For Republicans, it was Mission Accomplished: one small piece of opposition research, magnified and amplified as it bounced around the media echo chamber; one step forward in the wider effort to paint Kerry as the consummate flip flopper. As Joshua Green recently wrote in the Atlantic, campaigns use opposition research “in the service of a larger goal … to craft over the course of the campaign a negative ‘storyline’” about a candidate that in time takes root in the minds of the voting public. Journalists —eager for a scoop, on deadline, some with daily news holes to fill — are the conduit for the “storyline.” Indeed, as several political reporters told Campaign Desk, they rely on opposition research as a resource and see nothing wrong, or sinister, in the practice.

SUV-gate is just one small example of how opposition research flows. In this case (as in most, opposition research purveyors and recipients alike stress) the research consisted of information in the public domain, or “votes and quotes,” as it’s called in the trade. In an online chat in 2003 the Washington Post’s Howard Kurtz described the difference between opposition research and garden-variety talking points this way: “A talking point would be to say that Joseph Lieberman has changed his position on affirmative action. An oppo-gram contains the exact quotes in which Lieberman questioned affirmative action, followed by his supporting affirmative action and insisting he’s never changed his position. That has a bigger impact on the [Tim] Russerts of the world than just partisan rhetoric.”

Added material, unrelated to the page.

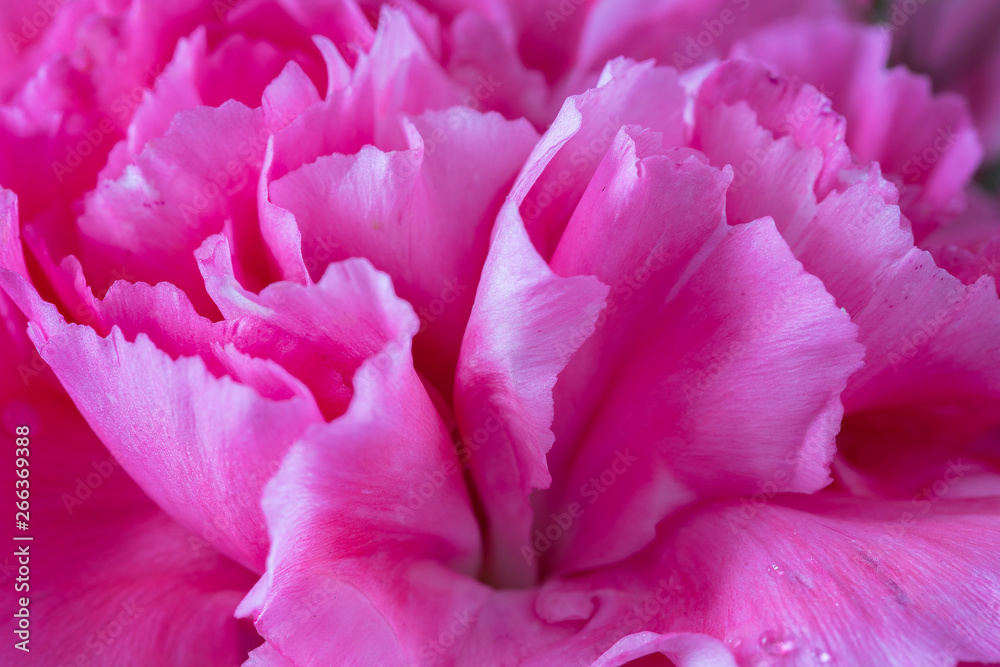 Pink carnation close up.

What is more sinister, or at least troublesome, is this: With five months to go until November 2, already there have been numerous examples this election season of reporters writing “oppo-grams” into their news stories, sometimes without providing much — if any — context or analysis. To take one example, which Campaign Desk pointed out in March, a story by the Associated Press’s John Solomon bears a strong resemblance to an RNC press release from a few weeks earlier. (Solomon did not respond to an interview request). Democrats have landed hits of their own, of course. For example, the Kerry campaign, in response to an April Bush-Cheney ad asserting that Kerry “repeatedly opposed weapons vital to winning the War on Terror,” was quick to point out that Dick Cheney had in the past supported funding cuts for many of the very same weapons. The Los Angeles Times’s Ron Brownstein calls this “one of the most impressive displays all year,” and “an extraordinarily effective response,” noting that the Kerry campaign circulated its rebuttal to reporters “within minutes, well maybe hours” of the ad’s unveiling. Brownstein’s newspaper picked up the Cheney angle in a news story, as did the Boston Globe, among others.

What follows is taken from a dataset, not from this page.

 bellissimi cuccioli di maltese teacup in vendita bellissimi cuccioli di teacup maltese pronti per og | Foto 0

But it’s hard to get the jump on the RNC. Remember that SUV research brief? It was just one of twenty-eight documents — including press releases, fact sheets, and research briefings — that the RNC put out that week in April, not to mention the forty-seven documents — press releases, “Ad Facts,” “De-Bunker Busters” — that the Bush-Cheney campaign generated during that same timeframe. Newsweek reported in December that “the biggest professional research team is based inside the Republican National Committee in Washington” consisting of “some 40 media and research staff.” Tim Griffin, head of RNC research, would tell Campaign Desk only that, “Generally speaking, we don’t generally speak about what we do.” Barbara Comstock, who led the RNC’s opposition research efforts during the 2000 election, confirmed that she oversaw a staff of “about 30 or 40” at that time. Edwin Chen, a White House reporter for the Los Angles Times, told Campaign Desk that the Bush camp has a “tremendously well-staffed opposition research group,” and that “the White House and the Bush-Cheney campaign work like a well-functioning machine” while the Kerry campaign “is still learning to work with the DNC.” Adam Nagourney, the chief political correspondent for the New York Times, agrees that the Bush side has an organizational “oppo” advantage for now, but points to the Kerry campaign’s recent hiring of David Ginsberg, Gore’s research director in 2000, to head up “rapid research” communications as a sign that Democrats are getting serious.

When asked about this perceived RNC oppo advantage, Jason Miner, research director for the DNC, told Campaign Desk: “I think [the Bush camp and the RNC] start from a different position. The threshold for stories is different on a candidate that’s been under the media spotlight for almost four years. [Kerry and his record] are entirely new to the national media — both the political and issues press.” And, while he declined to say how many researchers he has on staff, he said that they are “obsessed with the Bush administration and everything they do and say and we watch it all closely” in a “war-room type” office with “state of the art media monitoring and electronic research tools.”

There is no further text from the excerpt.